_The problem_
Leaving out the pictures, return word for word the stretch of entries below from the line holding "Regarder La Belle" through the line holding "2008 - 2013".

== Given entries

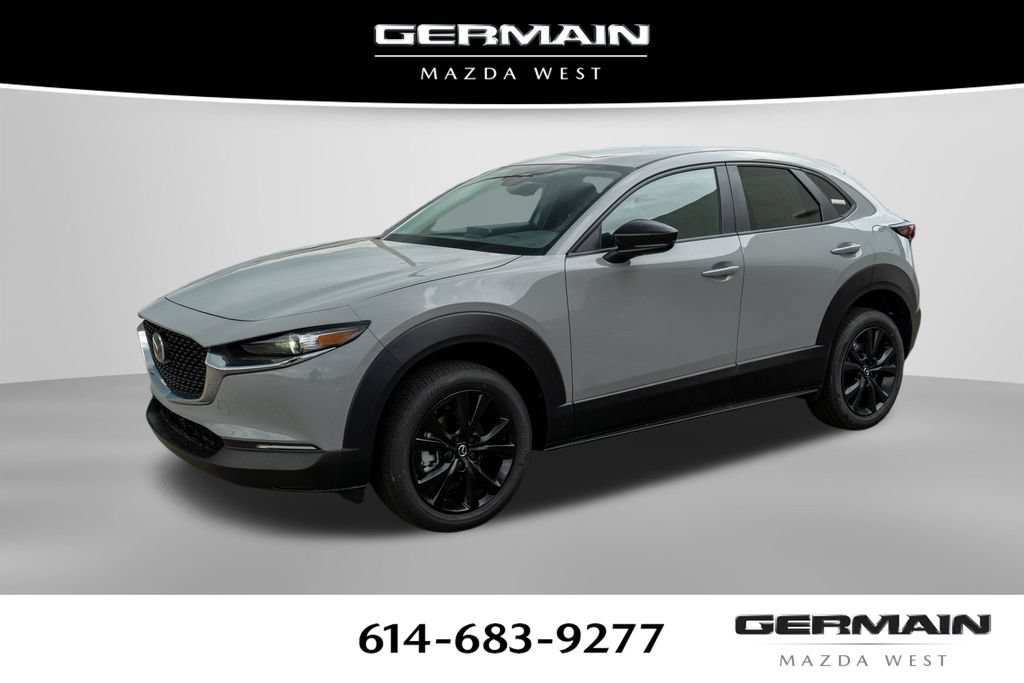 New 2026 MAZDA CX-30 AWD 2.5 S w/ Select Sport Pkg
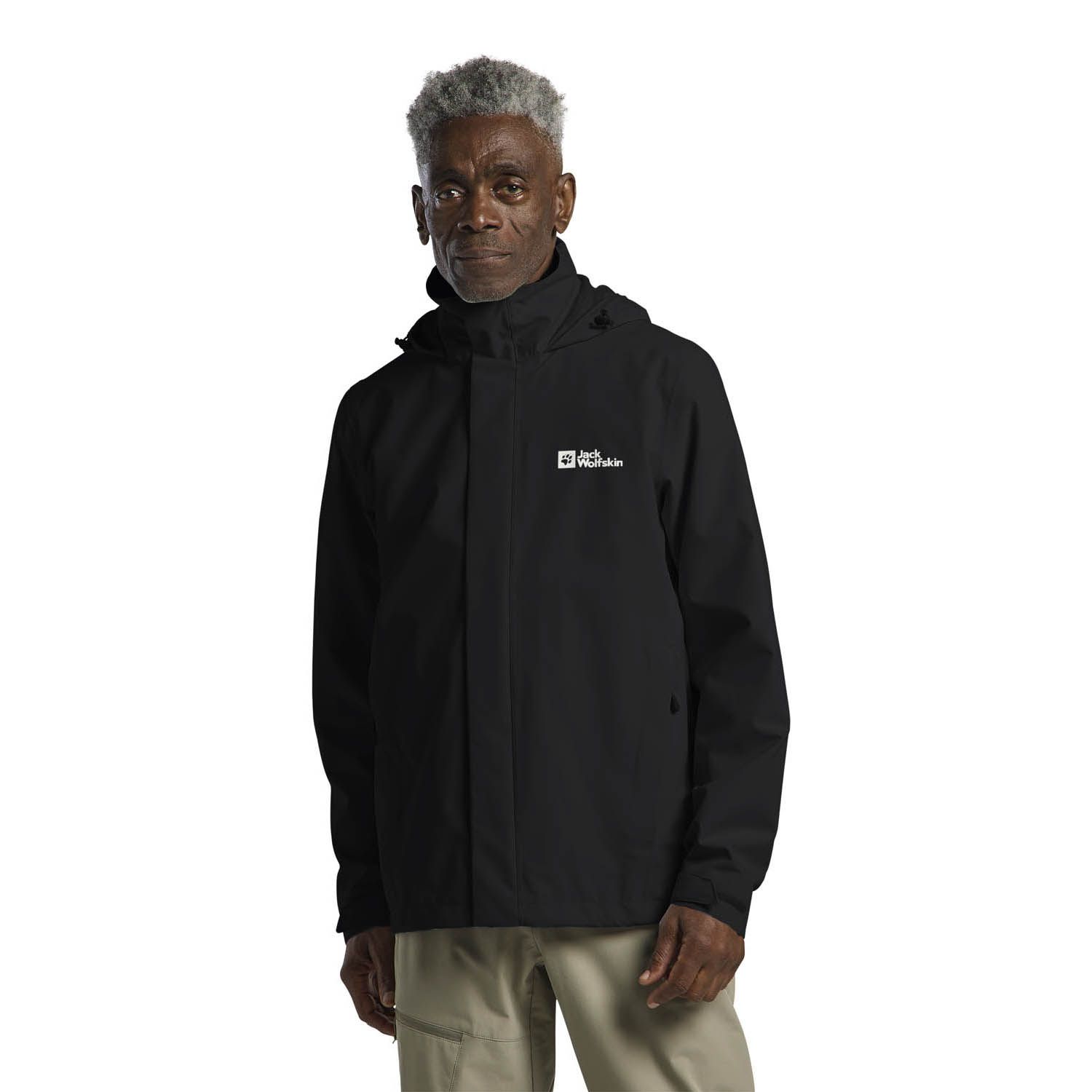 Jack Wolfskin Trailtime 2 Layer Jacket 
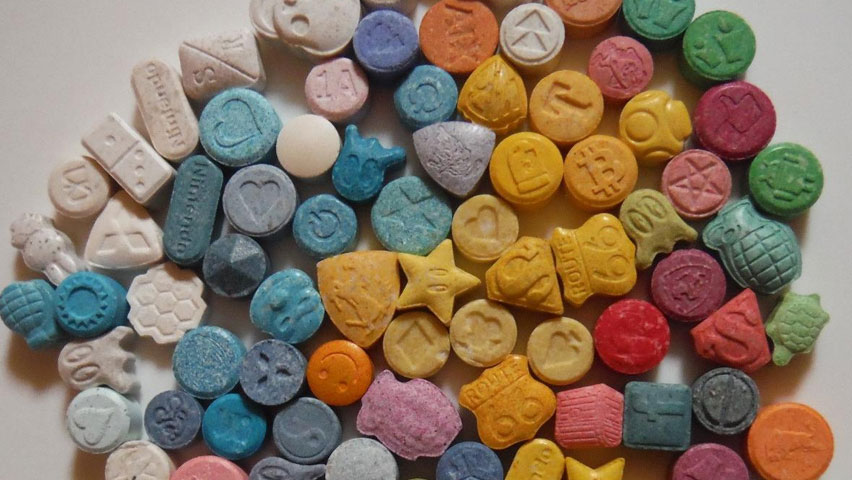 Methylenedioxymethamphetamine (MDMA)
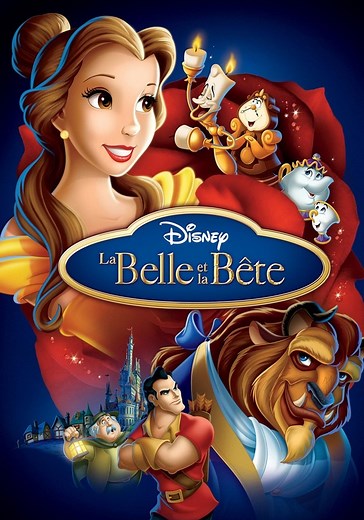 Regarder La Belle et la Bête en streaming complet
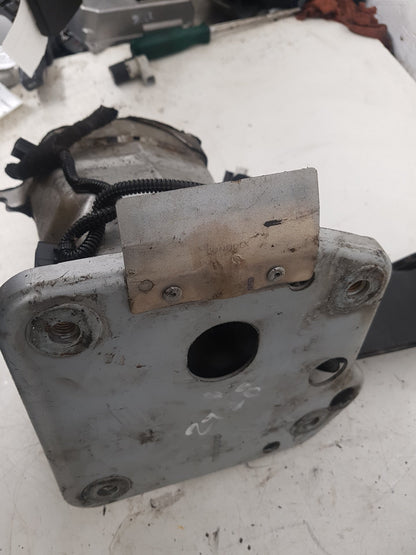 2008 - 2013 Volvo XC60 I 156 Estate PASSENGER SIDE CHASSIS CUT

====
== Given entries

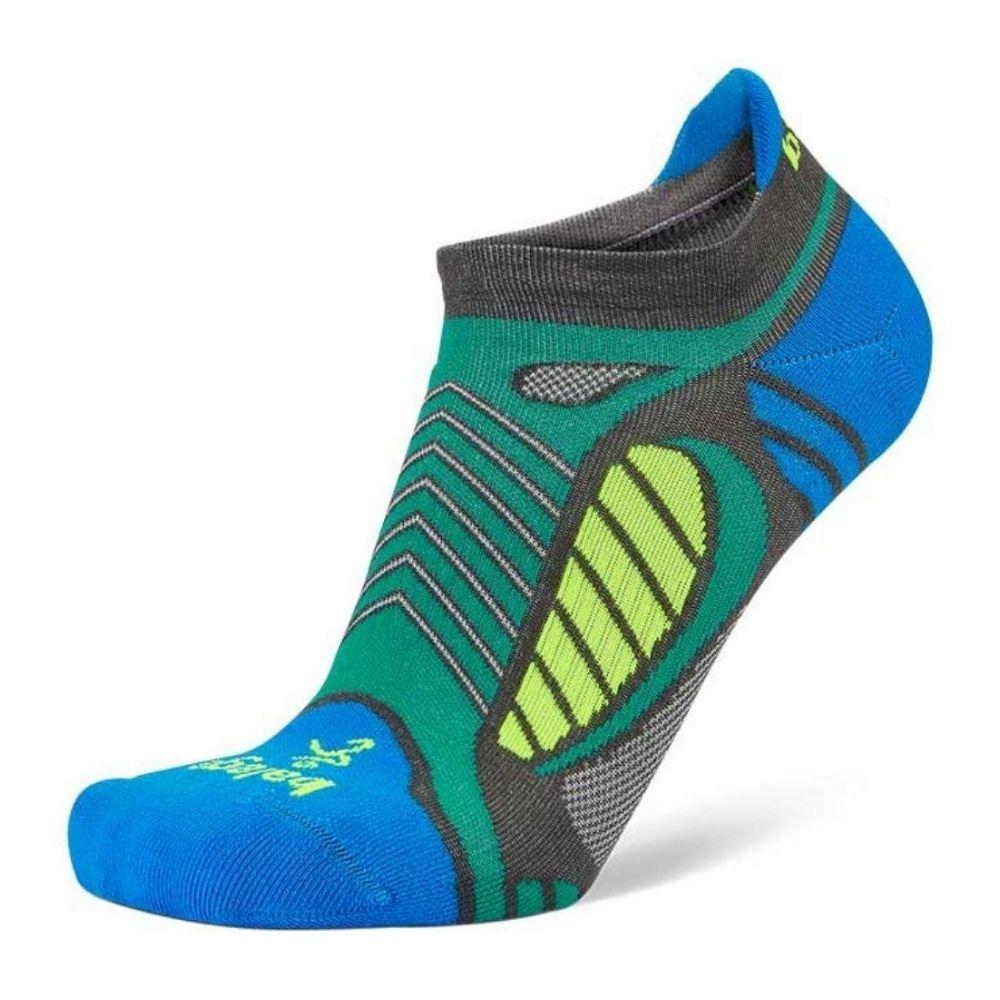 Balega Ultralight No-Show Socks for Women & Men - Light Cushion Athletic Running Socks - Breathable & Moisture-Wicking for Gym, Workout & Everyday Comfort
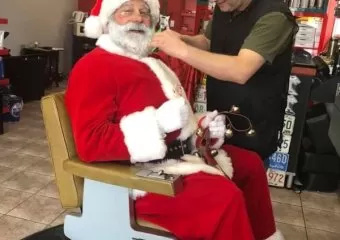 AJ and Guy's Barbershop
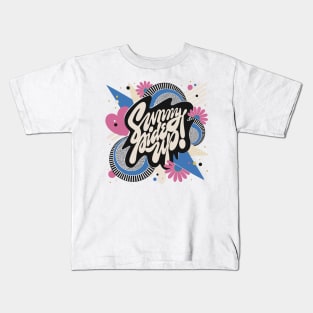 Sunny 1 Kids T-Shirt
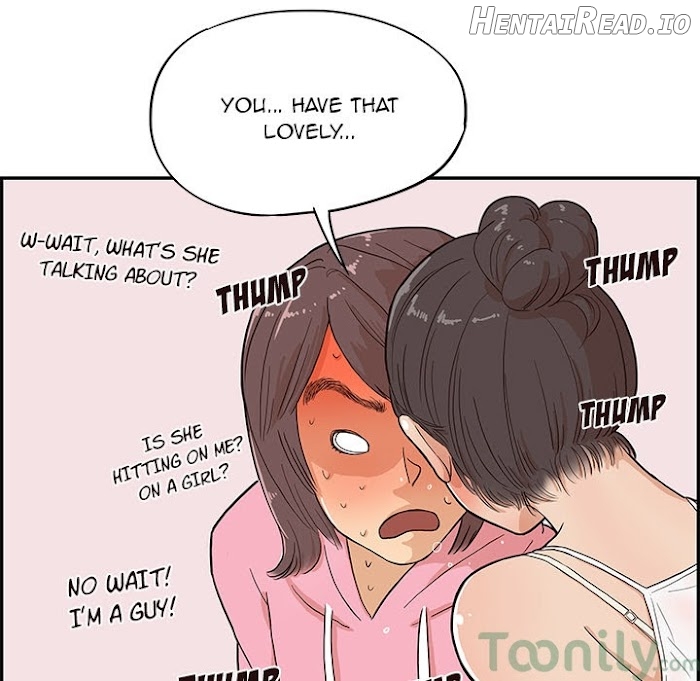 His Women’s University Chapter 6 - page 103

====
== Given entries

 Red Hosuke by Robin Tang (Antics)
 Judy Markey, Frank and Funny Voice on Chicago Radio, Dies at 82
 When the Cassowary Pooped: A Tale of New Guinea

====

_Result_
 Regarder La Belle et la Bête en streaming complet
 2008 - 2013 Volvo XC60 I 156 Estate PASSENGER SIDE CHASSIS CUT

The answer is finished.